Dive Brief:
- Three of the five Missouri Public Service Commissioners have indicated they will vote against the Clean Line Energy Partners (CLEP) application to build its Grain Belt Express transmission system. The line would deliver Kansas wind-sourced electricity to Missouri, Indiana and points east through the PJM Interconnection or the Midcontinent Independent System Operator (MISO).
- The $2 billion, 750 mile, HVDC system that would move 4,000 MW of Kansas-generated electricity eastward. A 500 megawatt portion would be delivered to a station in Missouri. The line has approval from Kansas and Indiana but has not been ruled on by Missouri or Illinois regulators.
- If the Missouri commission does not grant utility status to the project’s builders, they could not exercise eminent domain authority against irresolvable opposition, CLEP will ask DOE for the same federal eminent domain authority it is already pursuing for Arkansas after that state's regulators ruled against it.
Dive Insight:
A Missouri Public Service Commission staff report found that while CLEP demonstrated abilities to finance and build the project, it had not “established the need.” That is the basis of the opposing commissioners' decision.
The need is economic, according to CLEP CEO Michael Skelley. The estimated price of wind-generated electricity from Kansas delivered to PJM or to the MISO is estimated at $0.045 per kWh or less, including the cost of the electricity and transmission fees.

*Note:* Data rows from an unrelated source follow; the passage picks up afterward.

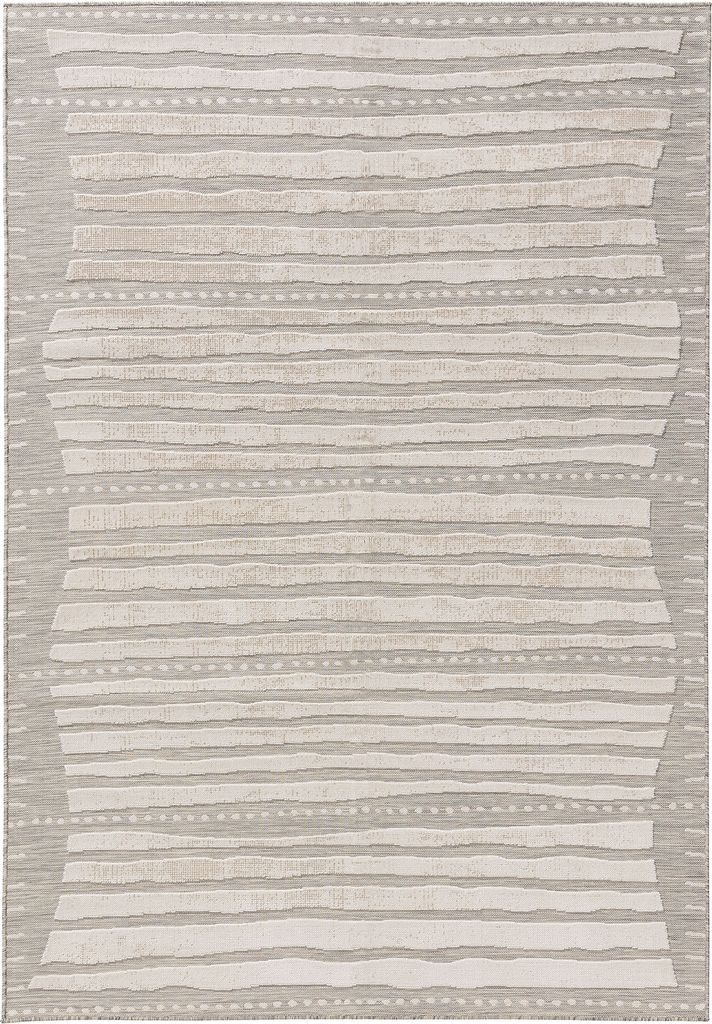 Interiyou In & Outdoorteppich Florenz Beige A3 200x300 cm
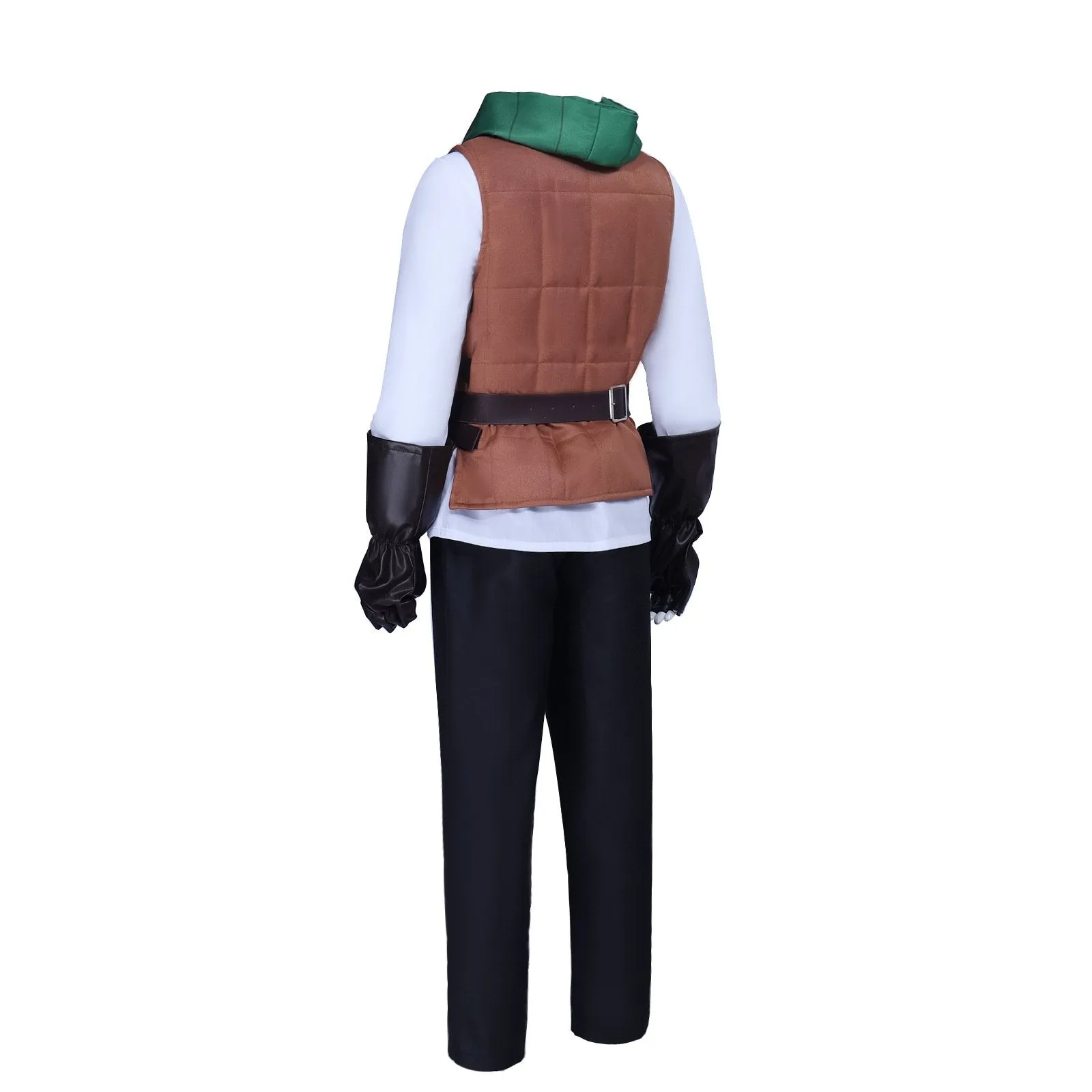 Delicious in Dungeon Chilchuck Tims Cosplay Costume Anime Roleplay Outfit for Adults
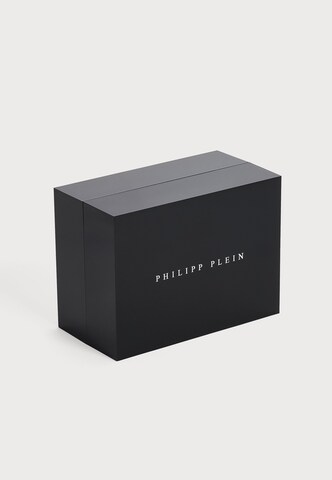 Philipp Plein Analógové hodinky - Strieborná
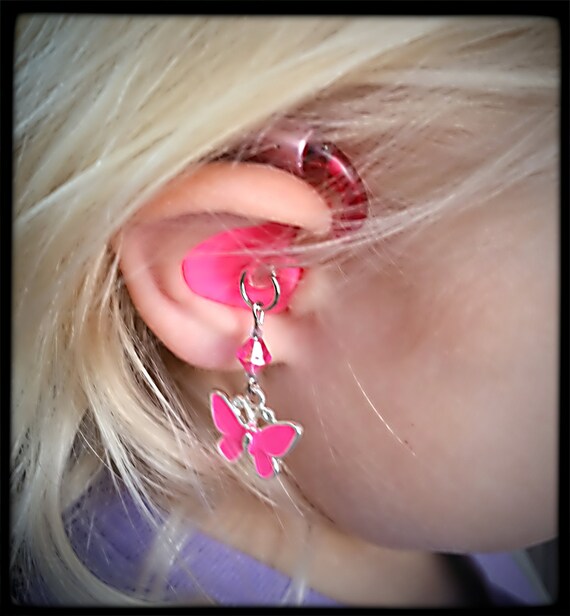 Hearing Aid Charms Beautiful and Bright by PurpleCatAidCharms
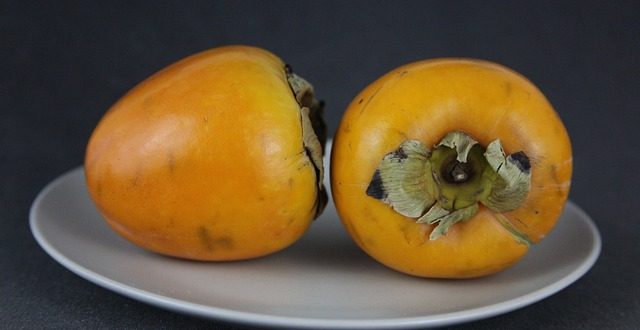 Kaki fruit bienfaits comment le manger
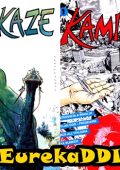 img Kamikaze - Collection (2 volumi)(Nardini 1993-1994)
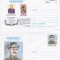 bnk fil Lot 2 Intreguri postale 1997 - Expofil Slava eroilor neamului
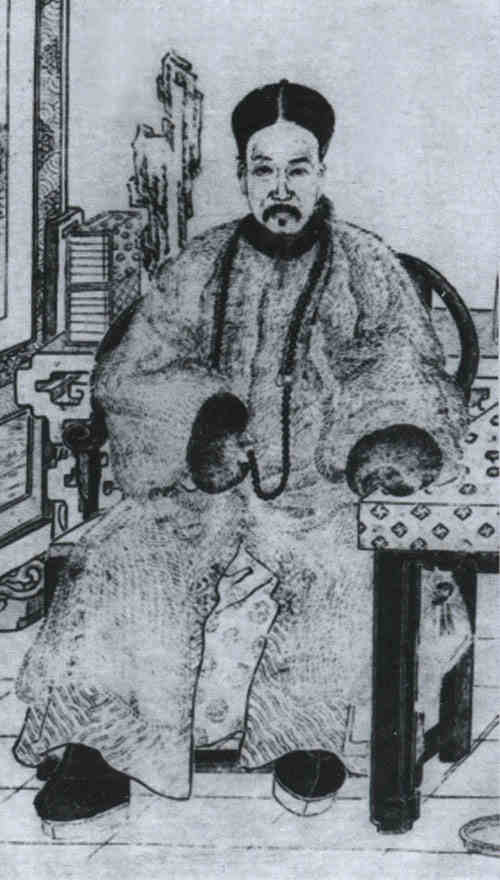 名人官文画像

That is expected to be competitive with the projected $0.057 per kWh electricity price in those markets and bring big economic returns to Missouri.
Because the line would cross 724 tracts of Missouri land, hundreds of landowner-members of the Block Grain Belt Express group celebrated the PSC announcement.
Grain Belt Express “does not merit certification” because neither its purpose nor its potential benefits to Missourians “justify the authorization to exercise eminent domain power,” asserted the Missouri Farm Bureau.